Friday Papers: The Most Unhelpful Biography Ever
Gregory Johnsen, a former Fulbright Fellow in Yemen, is currently a Ph.D. candidate in Near Eastern Studies at Princeton University. Johnsen has written for a variety of publications on Yemen including, among others, Foreign Policy, The American Interest, The Independent, The Boston Globe, and The National. He is the co-founder of Waq al-Waq: Islam and Insurgency in Yemen Blog. In 2009, he was a member of the USAID's conflict assessment team for Yemen.
There was much I missed in my two-day absence from blogging (although I greatly enjoyed the time off), only some of which I will recap here.
First, for those of you who missed Brian's not so live blogging of the Senate hearing on Yemen, I would recommend you read it. It is brilliant - even if I think my posture is to die for. I was at the hearing and I still found it illuminating to read his comments: like attending a game live and then getting home to listen to Bob Costas do the play-by-play. Anyway, I'm looking forward to reading the full testimonies of all the participants.

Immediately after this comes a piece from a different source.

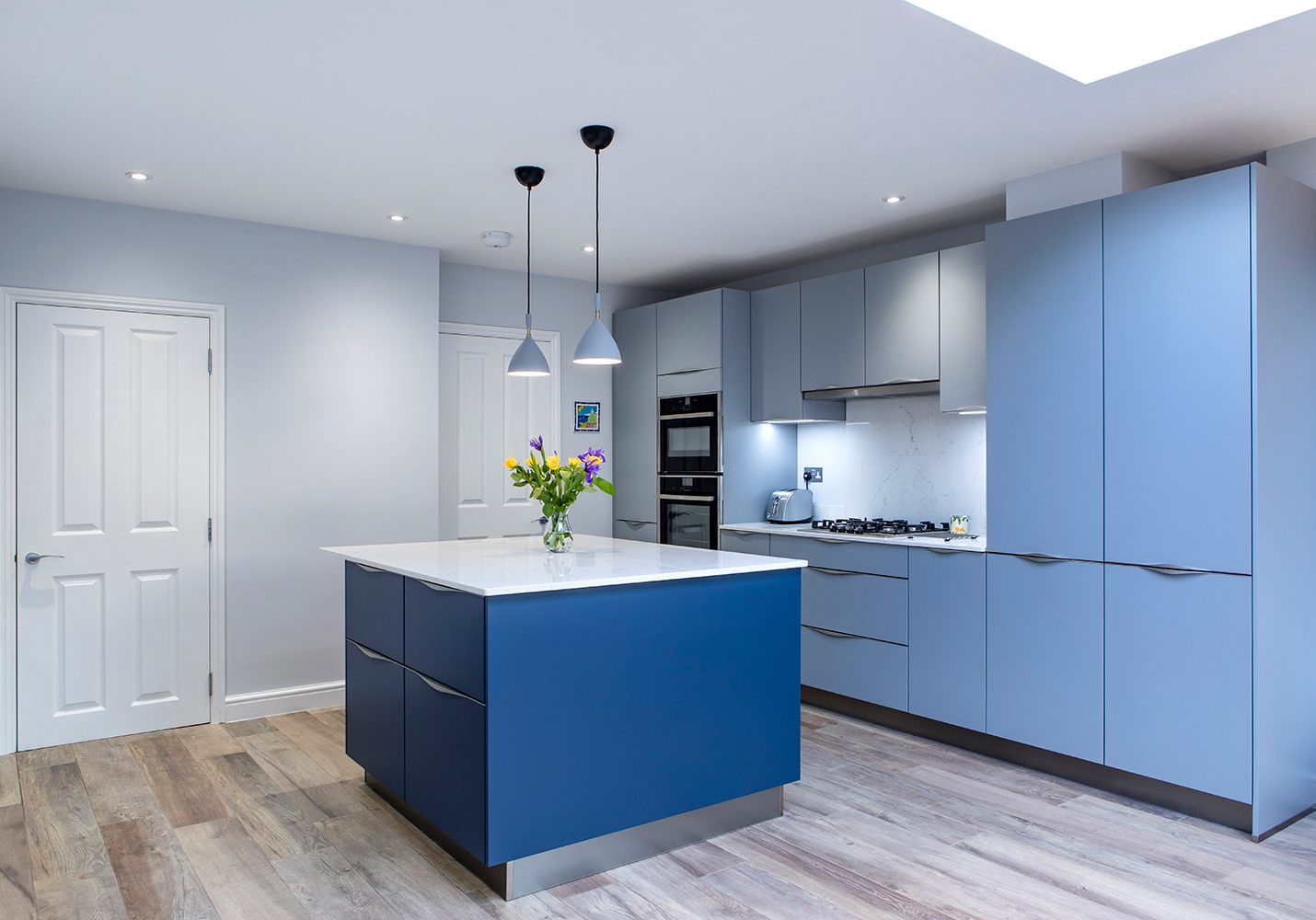 Modern Light Blue Kitchen with dark blue island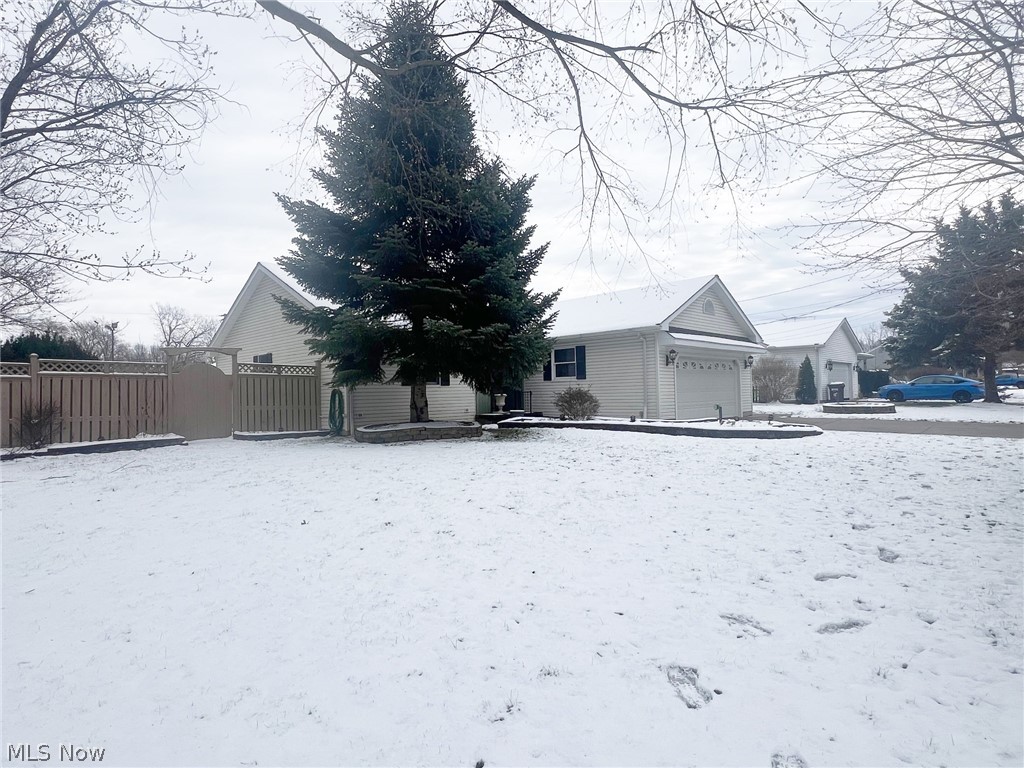 5203 Ridgeland Street Lorain, OH 44055 - Photo 3 of 39 Yard layered in snow featuring a garage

Apparently the length of mine (45 double-spaced pages) has frustrated and deterred some would-be readers (although no one on the committee has complained) but what can I say avoiding talking about Yemen in platitudes takes time and space and I cut out 20 pages on the Huthis and the entire section on the south as well as a great deal of detail on AQAP. For those brave enough or just plain bored all the testimonies, along with the video of the hearing, is available here.
I would also add that I came away from the hearing quite impressed with Senator Kerry's grasp of the situation - whoever briefed him did an excellent job.
I also took part in a panel at Brookings on al-Qaeda and Yemen - the full audio and select video is available here.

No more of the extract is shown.